Your assignment:
Take the records below from their first line to the line with "1 Pair Outdoor", and restate those lines word for word.

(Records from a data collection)
------------------------------------------------------------
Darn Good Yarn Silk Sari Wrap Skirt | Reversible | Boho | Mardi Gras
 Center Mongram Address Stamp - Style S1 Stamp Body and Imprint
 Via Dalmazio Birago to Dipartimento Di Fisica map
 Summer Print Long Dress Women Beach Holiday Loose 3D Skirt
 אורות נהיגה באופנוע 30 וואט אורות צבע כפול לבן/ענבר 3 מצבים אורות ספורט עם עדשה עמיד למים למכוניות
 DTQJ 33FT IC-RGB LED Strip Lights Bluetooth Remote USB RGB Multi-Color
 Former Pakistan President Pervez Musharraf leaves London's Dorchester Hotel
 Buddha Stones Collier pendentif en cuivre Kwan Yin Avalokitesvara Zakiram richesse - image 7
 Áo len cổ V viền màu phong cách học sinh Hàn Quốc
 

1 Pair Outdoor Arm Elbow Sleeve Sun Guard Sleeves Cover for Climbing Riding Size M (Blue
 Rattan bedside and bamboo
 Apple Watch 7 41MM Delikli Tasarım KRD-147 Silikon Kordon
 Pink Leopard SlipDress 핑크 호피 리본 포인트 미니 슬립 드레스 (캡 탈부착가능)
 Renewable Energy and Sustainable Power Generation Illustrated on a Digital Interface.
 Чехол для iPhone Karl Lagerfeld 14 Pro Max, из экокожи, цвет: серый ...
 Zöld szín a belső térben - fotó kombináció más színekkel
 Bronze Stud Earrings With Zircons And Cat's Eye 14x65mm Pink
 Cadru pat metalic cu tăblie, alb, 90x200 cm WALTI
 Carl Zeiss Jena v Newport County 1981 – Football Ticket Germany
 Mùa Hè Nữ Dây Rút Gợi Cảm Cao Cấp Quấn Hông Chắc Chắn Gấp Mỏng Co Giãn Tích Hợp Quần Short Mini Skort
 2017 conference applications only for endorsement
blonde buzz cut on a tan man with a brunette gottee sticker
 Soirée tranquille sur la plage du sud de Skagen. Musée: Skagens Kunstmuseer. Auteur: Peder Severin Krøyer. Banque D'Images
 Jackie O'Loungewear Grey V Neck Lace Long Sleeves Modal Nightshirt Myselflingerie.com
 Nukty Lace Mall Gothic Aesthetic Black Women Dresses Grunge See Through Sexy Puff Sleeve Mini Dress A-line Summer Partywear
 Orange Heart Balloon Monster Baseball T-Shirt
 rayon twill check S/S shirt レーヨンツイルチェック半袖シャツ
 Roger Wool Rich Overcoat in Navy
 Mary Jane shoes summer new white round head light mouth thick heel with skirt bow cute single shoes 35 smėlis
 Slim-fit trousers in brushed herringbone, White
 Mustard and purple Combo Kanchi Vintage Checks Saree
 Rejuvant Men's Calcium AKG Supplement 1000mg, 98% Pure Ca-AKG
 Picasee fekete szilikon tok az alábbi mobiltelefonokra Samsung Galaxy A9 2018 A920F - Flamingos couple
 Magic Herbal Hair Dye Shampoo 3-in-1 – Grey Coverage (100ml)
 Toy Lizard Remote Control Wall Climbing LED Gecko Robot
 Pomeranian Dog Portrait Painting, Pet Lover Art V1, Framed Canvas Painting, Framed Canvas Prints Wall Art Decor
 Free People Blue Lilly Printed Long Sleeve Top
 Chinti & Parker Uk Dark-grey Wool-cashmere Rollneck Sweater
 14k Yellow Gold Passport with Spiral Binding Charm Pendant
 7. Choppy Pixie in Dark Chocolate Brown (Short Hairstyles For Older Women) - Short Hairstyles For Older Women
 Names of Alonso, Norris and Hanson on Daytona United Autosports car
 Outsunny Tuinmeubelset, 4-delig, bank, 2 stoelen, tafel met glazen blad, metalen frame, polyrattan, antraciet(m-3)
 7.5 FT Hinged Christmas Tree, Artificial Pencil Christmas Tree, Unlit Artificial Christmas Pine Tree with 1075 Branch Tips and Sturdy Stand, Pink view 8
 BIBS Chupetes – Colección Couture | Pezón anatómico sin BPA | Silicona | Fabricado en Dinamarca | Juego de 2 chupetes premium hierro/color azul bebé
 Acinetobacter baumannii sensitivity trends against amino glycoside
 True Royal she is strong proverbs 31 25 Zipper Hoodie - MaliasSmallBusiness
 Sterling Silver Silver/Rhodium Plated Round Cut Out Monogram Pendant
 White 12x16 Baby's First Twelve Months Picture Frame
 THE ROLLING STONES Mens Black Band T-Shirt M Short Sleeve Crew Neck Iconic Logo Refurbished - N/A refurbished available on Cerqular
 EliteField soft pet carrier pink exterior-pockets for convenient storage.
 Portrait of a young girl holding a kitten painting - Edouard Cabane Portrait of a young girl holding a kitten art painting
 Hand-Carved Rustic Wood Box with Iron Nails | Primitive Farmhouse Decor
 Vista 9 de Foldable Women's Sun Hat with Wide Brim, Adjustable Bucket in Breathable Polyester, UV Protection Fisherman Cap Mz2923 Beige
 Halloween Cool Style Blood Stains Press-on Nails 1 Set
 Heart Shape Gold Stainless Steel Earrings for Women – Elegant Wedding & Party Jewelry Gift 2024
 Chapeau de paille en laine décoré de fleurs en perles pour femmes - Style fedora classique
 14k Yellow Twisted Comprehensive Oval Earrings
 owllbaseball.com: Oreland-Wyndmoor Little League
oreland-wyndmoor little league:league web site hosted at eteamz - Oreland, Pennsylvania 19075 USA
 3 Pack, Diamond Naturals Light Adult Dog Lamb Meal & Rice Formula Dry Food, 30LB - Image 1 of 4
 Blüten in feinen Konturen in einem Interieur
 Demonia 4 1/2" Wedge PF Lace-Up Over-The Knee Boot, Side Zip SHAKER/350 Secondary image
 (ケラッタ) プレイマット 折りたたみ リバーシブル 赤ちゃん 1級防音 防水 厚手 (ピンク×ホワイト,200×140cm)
------------------------------------------------------------
Exercise output:
Darn Good Yarn Silk Sari Wrap Skirt | Reversible | Boho | Mardi Gras
 Center Mongram Address Stamp - Style S1 Stamp Body and Imprint
 Via Dalmazio Birago to Dipartimento Di Fisica map
 Summer Print Long Dress Women Beach Holiday Loose 3D Skirt
 אורות נהיגה באופנוע 30 וואט אורות צבע כפול לבן/ענבר 3 מצבים אורות ספורט עם עדשה עמיד למים למכוניות
 DTQJ 33FT IC-RGB LED Strip Lights Bluetooth Remote USB RGB Multi-Color
 Former Pakistan President Pervez Musharraf leaves London's Dorchester Hotel
 Buddha Stones Collier pendentif en cuivre Kwan Yin Avalokitesvara Zakiram richesse - image 7
 Áo len cổ V viền màu phong cách học sinh Hàn Quốc
 

1 Pair Outdoor Arm Elbow Sleeve Sun Guard Sleeves Cover for Climbing Riding Size M (Blue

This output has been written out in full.